Après une nuit courte, nous entamons la plus longue journée du voyage. Dès l’aube, nous nous rendons à l’aéroport María Reiche Neuman, baptisé en hommage à la célèbre chercheuse des lignes de Nazca. Cet endroit marque le point de départ idéal pour découvrir ce chef-d’œuvre mystérieux de civilisation pré‑inca.

Nazca est réputée mondialement pour ses géoglyphes — gigantesques tracés au sol représentant des animaux, des plantes et des motifs géométriques visibles uniquement depuis le ciel. Leur origine et signification demeurent énigmatiques, mais sont souvent interprétées comme un calendrier astronomique en lien avec l’agriculture, un témoignage éloquent de la sophistication des sociétés pré‑incas.

La majorité du groupe ont choisit un vol en petit avion de six places. L’enregistrement nécessite le passeport, une pesée (moment légèrement stressant, avouons-le !) et, ce matin-là, un léger retard à cause du brouillard persistant jusqu’à 9 h.

Pendant ce temps, une participante préfère découvrir les lignes autrement : elle se rend à deux miradors avec un chauffeur-guide francophone et visite le musée Maria Reiche.

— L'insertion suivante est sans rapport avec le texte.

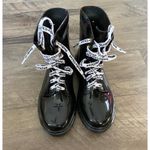 See By Chloe  Florrie Rain Boots black 37 logo lace combat style Photo 1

Ce petit musée, ouvert en 1994 dans l’ancienne maison de la chercheuse, présente ses plans, cartes, photographies, outils et une maquette didactique des géoglyphes. Maria Reiche, mathématicienne et archéologue allemande-uruguayenne, a dédié sa vie à la documentation et à la préservation de ces œuvres jusqu’à son décès en 1998. Son rôle fut crucial pour faire reconnaître le site comme patrimoine mondial par l’UNESCO en 1994. C’est donc a cet endroit qu’elle installa ses plans, cartes, modèles, photographies, outils et même sa célèbre maquette didactique des géoglyphes. Bref, elle y réalisa ses recherches principales sur les dessins de nazca, avant son décès en 1998. Sa tombe et celle de sa sœur Renata se trouvent dans le jardin attenant. Lorsque notre voyageuse est revenue de son excursion, je n’avais pas encore pris mon envol, j’ai donc appris de cette excursion qui pour moi serait aussi un MUST à faire dans nos prochains voyages.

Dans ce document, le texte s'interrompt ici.